Meadows of the younger golfing set, who whenever I seek an hour's instruction
is taking a playing lesson with Mr. Muldoon at some distant part of the course.
This, you may say, is neither here nor there, but such facts reinforce my point
that women more than share the financial burdens of Happy Knoll. The restaurant
would perish without the patronage of Happy Knoll wives and their guests, and
at long last you have displayed, though reluctantly, the acumen to admit women
to the new bar. But in spite of the desegregation triumphs in the South we are
still second-class citizens in your organization.
What is the
reason for this, Mr. Jonas? Is it because my sex is socially unattractive as a
group? Is it because women are not supposed to compete with men in outdoor
sports? Physiologists are now proving that women are more robust than men,
outdoors and indoors, Mr. Jonas. They have greater qualities of character and
endurance, can bear pain with a stoicism of which a male is incapable—and what
man has ever borne a baby? Besides, the statisticians have now proved that a
woman's life span is years longer, on the average, than that of the comparable
male—and this is itself a factor in women's rights at Happy Knoll that has been
overlooked by your governing board.

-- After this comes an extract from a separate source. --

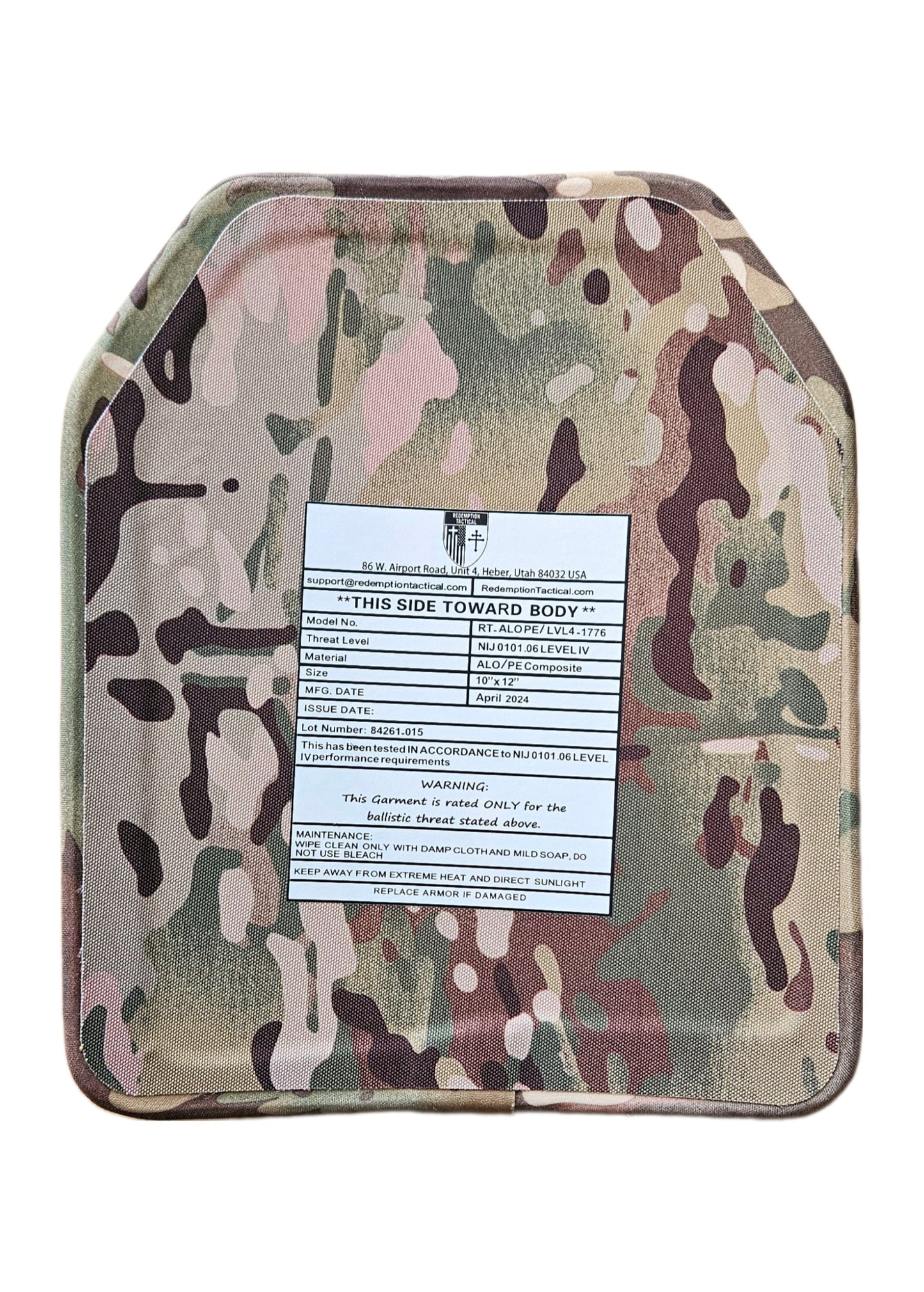 RT CRUSADER 2.0® ARMOR KIT Front/Back Plates LIGHTWEIGHT LEVEL IV  (2) 10x12 Front/Back Plates Full Kit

Actually, the sums expended by Happy Knoll
widows do more toward supporting the club than the low scale of dues extended
your younger male members, though admittedly these individuals eventually may
marry and thus finally contribute to the widow backlog. I therefore ask you
again: Are women people? Are they or are they not useful to you at Happy Knoll?

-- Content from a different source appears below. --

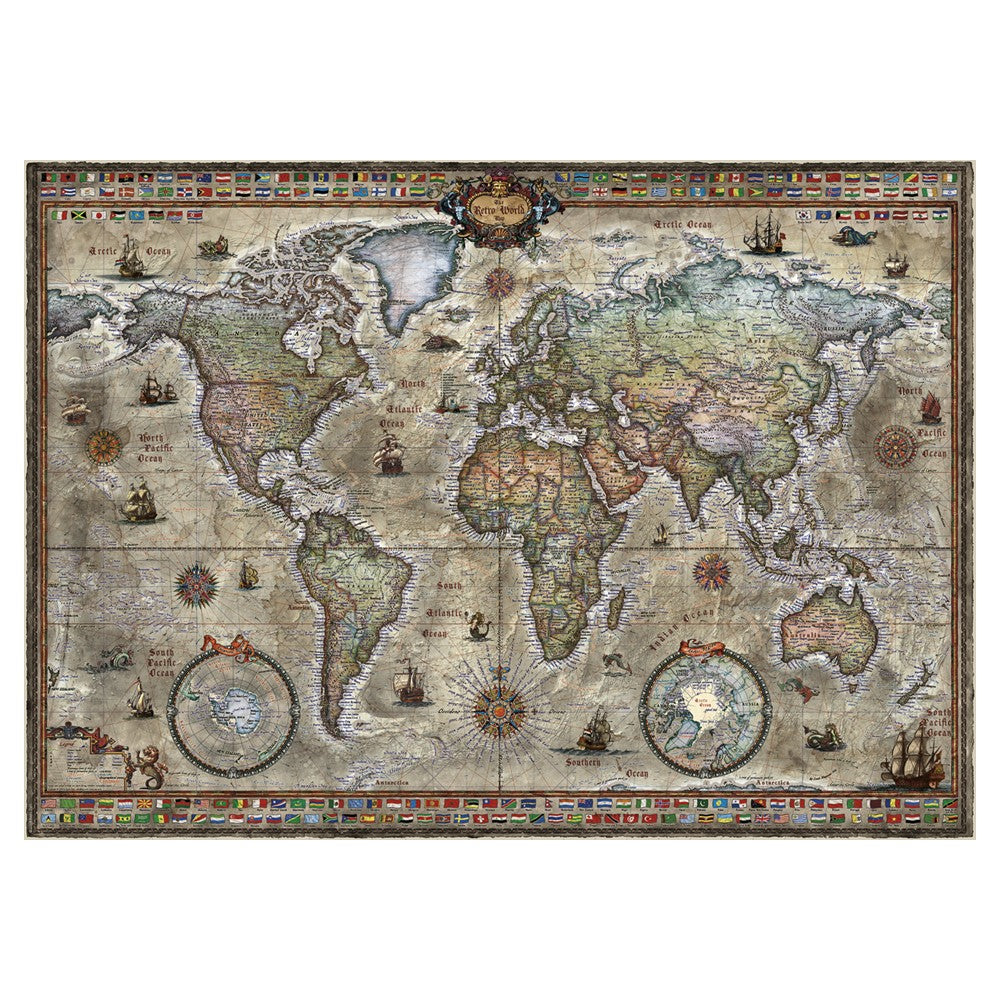 Heye - Map Art; Retro World 1000 Piece - Jigsaw Puzzle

Or should they be confined in their suburban homes with their knitting, where a
great many men, including yourself, I am afraid, Mr. Jonas, appear to desire
them?
SUSPICIOUS
CONCESSIONS
I shall grant, as
you will doubtless state in rebuttal, that you have made concessions to women
and their wants at Happy Knoll. You have instituted the Saturday night dances,
though more for your amusement, I fear, than ours, judging from the frequent
rumors of near seductions which are said to take place in parked cars and in
the improperly lighted shrubbery behind the tennis courts. It is true, also,
that you have enlarged the restaurant and, because of pressure brought to bear
by wives of bankers and others in higher financial brackets than those enjoyed
by Mr. Felton and myself, have finally discharged your wretched cook, who was
able only to prepare fried chicken and fattening French-fried potatoes.
Nevertheless, the dining room and indeed the lounge, though recently
redecorated in a vulgar manner under the auspices of a member (who I have heard
pocketed her 33?% commission without a by your leave), still reeks of deep fat.
It is true also that you have opened what you call, un-originally, the mixed
card room, as well as the mixed bar, where a woman may be seen without her
husband with only a modicum of comment as long as she is not seen with someone
else's, however platonic their relationship.